3052. — DE COLINI À M. DUPONT[1].
Aux Délices, près de Genève, 7 novembre 1755.

Je mérite bien peu l’amitié que vous avez pour moi, mon cher Démosthène, je ne sais qu’être négligent : il y a près de trois semaines que j’ai reçu la lettre que vous avez eu la bonté de m’écrire, et je n’y ai pas répondu encore. Je vous en demande mille pardons : il faut passer quelque chose à un homme qui est attaché au philosophe le plus étrange que la terre ait jamais porté. Il use tellement mes doigts à force de me faire écrire qu’il n’y a presque plus que mes ongles, qui ne tiennent à rien. Vous avez des procès qui vous occupent beaucoup, et moi j’ai des tragédies et l’histoire de l’univers à écrire, à copier et à copier encore. Je ne vous parle pas de la petite oie, comme des petites dissertations détachées, toutes les lettres et mille babioles. Vous avez de temps en temps quelque aimable objet qui vient vous montrer ses pièces ; et moi, il n’y a pas un chien qui vienne me voir, et on ne me montre que de bien vilaines pièces.
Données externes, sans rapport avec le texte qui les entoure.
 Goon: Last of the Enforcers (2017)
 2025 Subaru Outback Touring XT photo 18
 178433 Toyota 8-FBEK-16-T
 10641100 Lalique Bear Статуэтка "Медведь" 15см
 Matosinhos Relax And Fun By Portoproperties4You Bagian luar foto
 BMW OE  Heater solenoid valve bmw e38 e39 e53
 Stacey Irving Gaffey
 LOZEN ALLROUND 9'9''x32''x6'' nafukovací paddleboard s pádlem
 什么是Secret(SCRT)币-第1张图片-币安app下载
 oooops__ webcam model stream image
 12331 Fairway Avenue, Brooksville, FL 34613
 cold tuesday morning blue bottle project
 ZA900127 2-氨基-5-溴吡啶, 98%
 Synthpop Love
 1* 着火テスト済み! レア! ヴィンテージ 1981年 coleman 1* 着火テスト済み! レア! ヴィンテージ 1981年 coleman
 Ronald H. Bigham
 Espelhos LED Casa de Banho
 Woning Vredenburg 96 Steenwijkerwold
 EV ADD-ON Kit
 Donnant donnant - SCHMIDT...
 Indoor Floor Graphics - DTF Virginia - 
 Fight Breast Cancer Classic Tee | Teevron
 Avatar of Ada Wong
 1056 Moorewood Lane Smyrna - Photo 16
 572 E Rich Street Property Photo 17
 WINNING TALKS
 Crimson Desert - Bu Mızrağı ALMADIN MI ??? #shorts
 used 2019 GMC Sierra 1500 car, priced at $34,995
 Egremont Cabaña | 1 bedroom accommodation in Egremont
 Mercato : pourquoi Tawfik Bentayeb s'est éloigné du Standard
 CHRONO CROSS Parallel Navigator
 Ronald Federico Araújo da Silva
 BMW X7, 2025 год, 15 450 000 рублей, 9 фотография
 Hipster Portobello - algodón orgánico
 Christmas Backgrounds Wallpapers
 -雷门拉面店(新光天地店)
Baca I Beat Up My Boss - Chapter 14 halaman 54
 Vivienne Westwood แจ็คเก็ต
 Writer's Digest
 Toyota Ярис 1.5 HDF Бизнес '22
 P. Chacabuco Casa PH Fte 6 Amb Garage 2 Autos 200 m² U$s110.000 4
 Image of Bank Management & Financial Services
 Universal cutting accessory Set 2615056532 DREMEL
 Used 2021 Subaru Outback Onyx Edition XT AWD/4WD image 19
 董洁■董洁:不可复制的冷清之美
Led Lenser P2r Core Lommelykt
Oui, j’ai été à Paris, et je ne vous ai pas écrit : autre négligence, et je demande encore pardon. L’Orphelin y eut le plus grand succès ; on le joua douze à treize fois de suite, et on ne l’interrompit que pour l’aller jouer à Fontainebleau, où il a été reçu avec autant d’applaudissements qu’à la ville.


La nature et l’hymen, voilà les lois premières,
Les devoirs, les liens des nations entières ;
Ces lois viennent des dieux ; le reste est des humains.


Ce couplet a fait beaucoup de bruit : on ne voulait pas d’abord le passer à la police ; on croyait y voir une apologie du déisme. Vous connaissez, il y a longtemps, ces trois autres vers, où Zamti parle de la mort ; ils ont été fort applaudis :

Le coupable la craint, le malheureux l’appelle,
Le brave la défie, et marche au-devant d’elle ;
Le sage qui l’attend la reçoit sans regrets.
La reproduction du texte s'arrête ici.